Box 40 Interpretation

author-gravatar aaronblohowiak Feb 26, 2017

As part of the woodworking subreddit's contest/homage to Matt Kenney's 52 boxes in 52 weeks, I decided to interpret Box 40. Watching the series unfold, it was nice seeing Matt return to this form to explore grain, color, and lift shape. I used maple and walnut. I had tried using Rosewood for the lift, but apparently I am allergic.  I followed Matt's dimensions, though in his posts they are approximate so a bit of guesswork was needed.

Trying to do some shop photography of the completed project. Too many cobwebs getting all over things. Still, it is the most light in my house.

With my all time favorite tool of all time, for this week, a (sometimes sharp) Ticonderoga #2 pencil.

here it is!

Pacifier for scale.

Amazon echo dot for scale, next to big-brother tissue box.

a peek inside!

power tools (dw735 and laguna 14|12) used for stock prep, the rest by hand. cutting up a bit of scrap maple. I started with one side planed flat and smothed, cut off a slice overfat so I can remove the saw marks. 

double-sided tape like you'd use on the lathe to a backer of MDF to send through the thicknesser so it can go nice and thin without getting pulled up into the blades.

using mdf as a fence for the shoulder plane to set the rabbet. this distance is for the *depth* of the rabbet it in the final box, the width is set by how many passes you take.

Obligatory shaving picture.

And this is what we want, one continuous piece with two rabbets. now all we have to do is chop it up and glue it back together.

Sawing is rough work, shooting hones it. This donkey's ear isn't the best, but it does the job.. especially for small boxes like this.

basic workflow: rough cut on the left, then shoot to refinement. 
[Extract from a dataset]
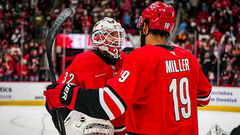 НХЛ. Игра вратаря Каролины, 6 шайб Миннесоты, победы Юты и Монреаля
Blue tape, not only because this is .a FWW-inspired build, but also because it is the best way to "clamp" small boxes. just put all the parts on a big piece of tape, put in your glue, and then roll the tape back up. 

Continuous grain, shot 1

Continuous grain, shot 2

Starting to work on the lift, roughing out the shape.

...and my guess of the proportions was way off.

Refine the form, with rasp and then file.

yes, it is not in the center of my vise, but so little pressure is required. for this operation, i use less pressure than brushing my teeth.

Much better.

with the lid down.

I tried to follow how MEK suggested in his blog -- put some brads through, snip them short, then glue and attach the lift.

tin snips to right-size the brads

coming together!

1 comment

Such a beautiful box! Thanks for sharing.